Jordan Harbinger: [01:07:02] So your goal is to bring water, clean water to 100 million people, and you're 1/78th of the way there.
Scott Harrison: [01:07:09] No, 663 million people, so that’s the current state. One out of every 10 people alive today is drinking bad water. So we're at 8.5 of 663.
Jordan Harbinger: [01:07:19] Oh, wow!
Scott Harrison: [01:07:19] 3 percent of the problem.
Jordan Harbinger: [01:07:21] It's daunting, man. That's a lot of people that don't have clean water.
Scott Harrison: [01:07:25] It is. Or you could just say, “Hey, just go 78 times faster. Just do 78 times more.”
Jordan Harbinger: [01:07:30] Yeah. Have an--
Scott Harrison: [01:07:31] 8.4 times 78, which is a number less than a hundred at least, equals 663 and you're there.
Jordan Harbinger: [01:07:37] How hard can it be? How can people get involved as well if they're interested in doing that?
Scott Harrison: [01:07:43] I think two ways, grab the book, 100 percent of all my author net proceeds of the advance, all that goes to Charity: Water.
Jordan Harbinger: [01:07:51] So you're not making a ton of money off the book?
Scott Harrison: [01:07:54] I'm not making a penny off the book. So everything from Thirst goes to Charity: Water, and I'm just so excited to share the stories that we're going to, you and your wife read it. I tried to be vulnerable. I tried to tell stories that I hope would help people on a personal level, maybe actually get unstuck or maybe find their purpose. I think there's stories in there for entrepreneurs. There are stories of boneheaded failure of just all the times we did stupid stuff and screwed up, and what we learned from that. So people just go to thirstbook.com, and we've also built an unbelievable interactive website experience, which I think people love.
[01:08:35] And then the second is really to join the Spring. And if I could just take a second to talk about how important this is for us. A lot of people that have been falling Charity: Water over the years know that we ask people to give up their birthdays, and that was just a big thing for us. And there was this movement of people donating their birthdays, turning into these little fundraising moments, a little mini word of mouth movements, and raising 500 bucks for their birthday or 620 dollars or 42 dollars or whatever. And that was great, and that kind of, that took us to a great place in the first 10 years. But what we realized was we weren't building continuity. We weren't building a community of people that were continuing to show up. They would only do one birthday and so many people would learn about Charity: Water, or they'd learned about this. They go on our website and they drop a 100 bucks once or 1,000 bucks once.

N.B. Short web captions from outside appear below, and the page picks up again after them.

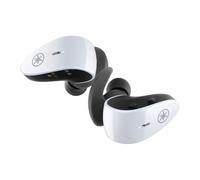 Yamaha TW-ES5A, auricolari sportivi wireless con Bluetooth 5.2, impermeabilità IPX7, vestibilità sicura, suono premium, Qualcomm CVC Clear Voice Capture, cura dell'ascolto e suono ambientale (bianco)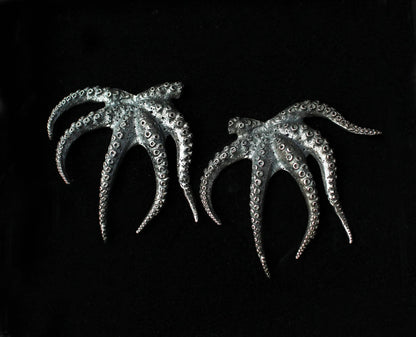 Silver Octopus Earrings - Large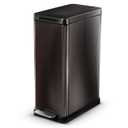 Home Zone Living 12 Gallon Slim Kitchen Trash Can with Soft Close Lid, Step Pedal, Bag Tuck Band, and Removable Liner, Stainless Steel, Black, Gen 1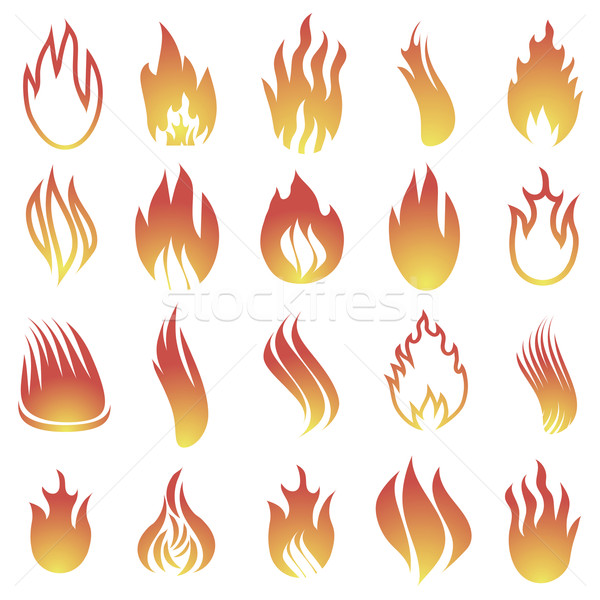 Hot Fire Icons Stock photo © Valeo5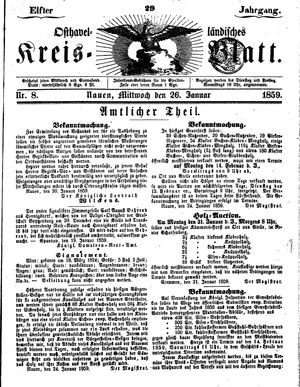 Osthavelländisches Kreisblatt on Jan 26, 1859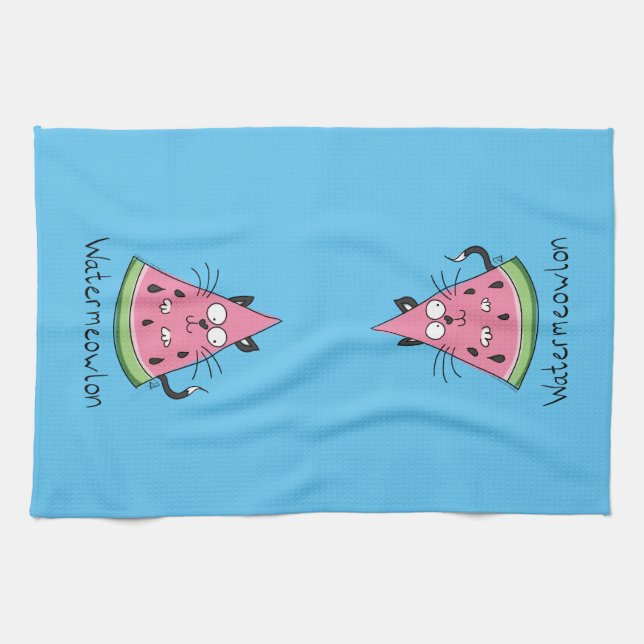 Cat Watermelon Cute Kid's Kitchen Towel (Horizontal)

And we said, for us to really make the lasting impact we want to make, we're going to need to adopt the practices of a Netflix or a Spotify, or an HBO or a Dropbox.
[01:09:34] I mean, people are showing up for Netflix every single month over 130 million people I think it is now, are showing up every single month with their 15 bucks. Now, of course, they're getting content. They're getting benefit from that. Same thing with Spotify. People are turning up, paying their 10 bucks a month listening to music. We said, “Well, what if we could build a community of people?” What if we could get a million people, let's say, to show up, let's say 30 dollars a month. That's what it costs us to give one person clean water. And not just drive by and hit 30 bucks once or do one birthday, but actually stick with us month in, month out, faithfully fighting for change. What if we could build this loyal, dedicated, passionate community of generous people? And then we make the promise that we'd always use a 100 percent of their money, whether it was 10 bucks a month or 30 bucks a month or a 100 bucks a month. And we would then show them stories of impact from around the world.

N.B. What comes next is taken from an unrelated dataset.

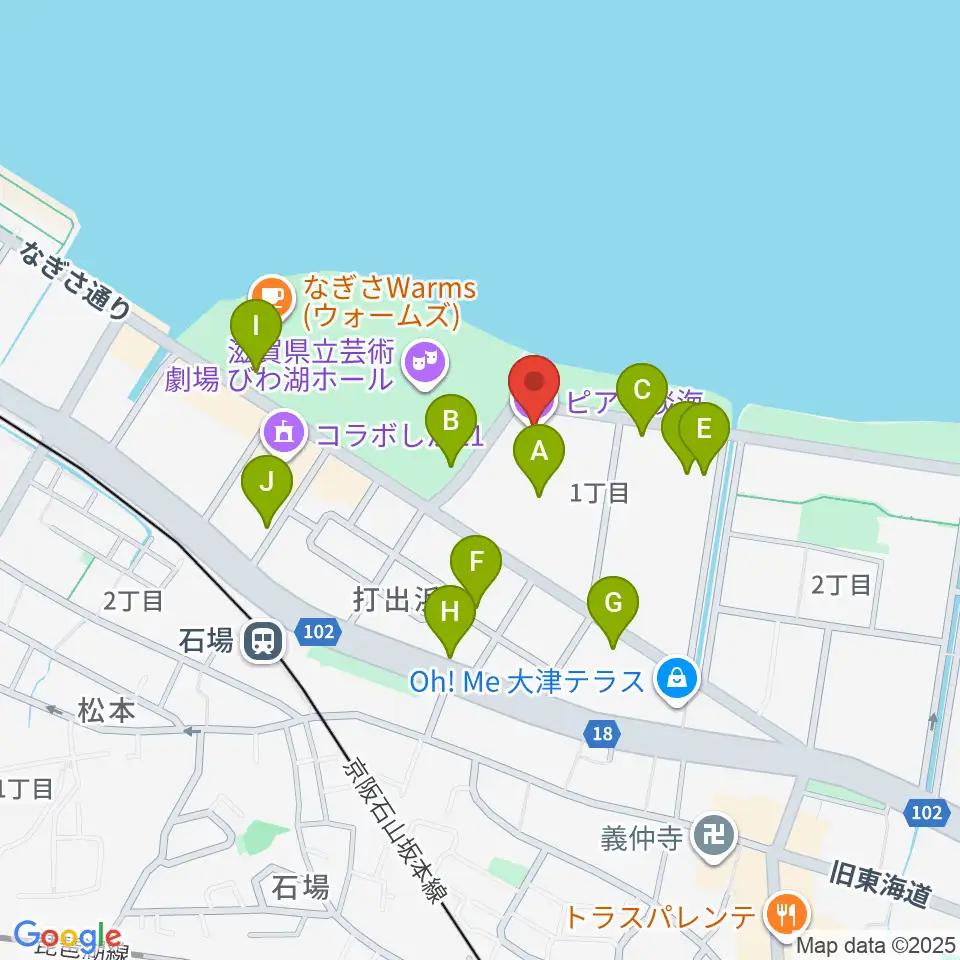 ピアザ淡海 ピアザホール周辺の駐車場・コインパーキング一覧地図
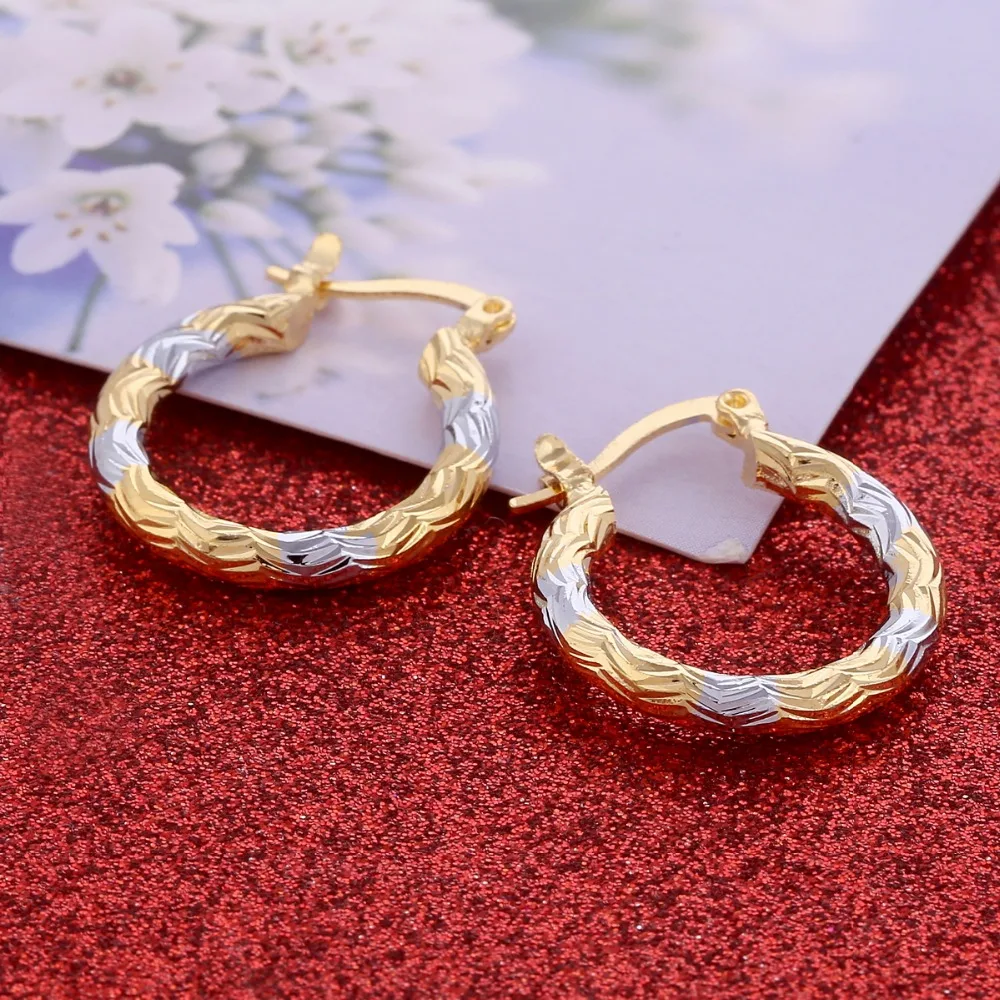 Двухцветные серьги для женщин круглые серьги-гвоздики девочек ювелирные изделия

[01:10:29] So we launched The Spring and said, “This is the best way that people can join Charity: Water.” And this may take us years. So we're not going to say this is going to be done next year or three years or five years, but we would hope to build this community of people that could one day tell their kids and their grandkids. I was actually a part of ending the water crisis. I was a part of this day creating and ushering in this day when every human has access to life's most basic needs. So my wife is a member, I'm a member. It's a really simple way to get involved and people could just go to charitywater.org/spring to learn more and to join us.
Jordan Harbinger: [01:11:09] Scott, thank you so much. The book Thirst is really, there's a lot of, I hate to say it, like you'll laugh, you'll cry. But it really has a lot of great stories in it and it's funny watching you now, knowing you now, being friends with you now, and seeing what you're doing, and then hearing about like how you kind of bumbled through a lot of shit, a lot of stuff earlier in the game, and just some of the mistakes you made were very educational. And I do think that your path is very unique, not a lot of people go from being the guy in the Manhattan club scene to running a super innovative charity, it's not the normal route that one's life might take.

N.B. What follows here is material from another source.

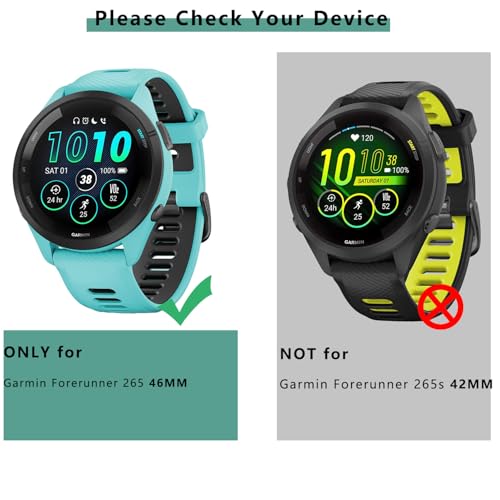 [1+4Pack] Case with PMMA Screen Protector Compatible with Garmin Forerunner 265 46MM, Bumper Full Coverage Protective Soft Cases Face Cover for Forerunner 265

Scott Harrison: [01:11:48] Yeah, well it's been a joy to be able to hopefully redeem a lot of the boneheaded mistakes and some of those things that I learned club promoting and some of those relationships and turn it for good. And we'll keep fighting until everybody has clean water to drink.
Jordan Harbinger: [01:12:05] What do you think, Jason? I told you a great storyteller and a kind of a crazy past that guy has.
Jason DeFillippo: [01:12:11] Yeah. He has one hell of a career path I got to say. And as far as somebody who used to party in my 20s, he puts me to shame. So that's a great story. Its’ a redemption story, I think for a lot of people who might have been in some kind of crazy lifestyle and want to change and do something good for the world. I think he's kind of a beacon of hope for people that really want to change.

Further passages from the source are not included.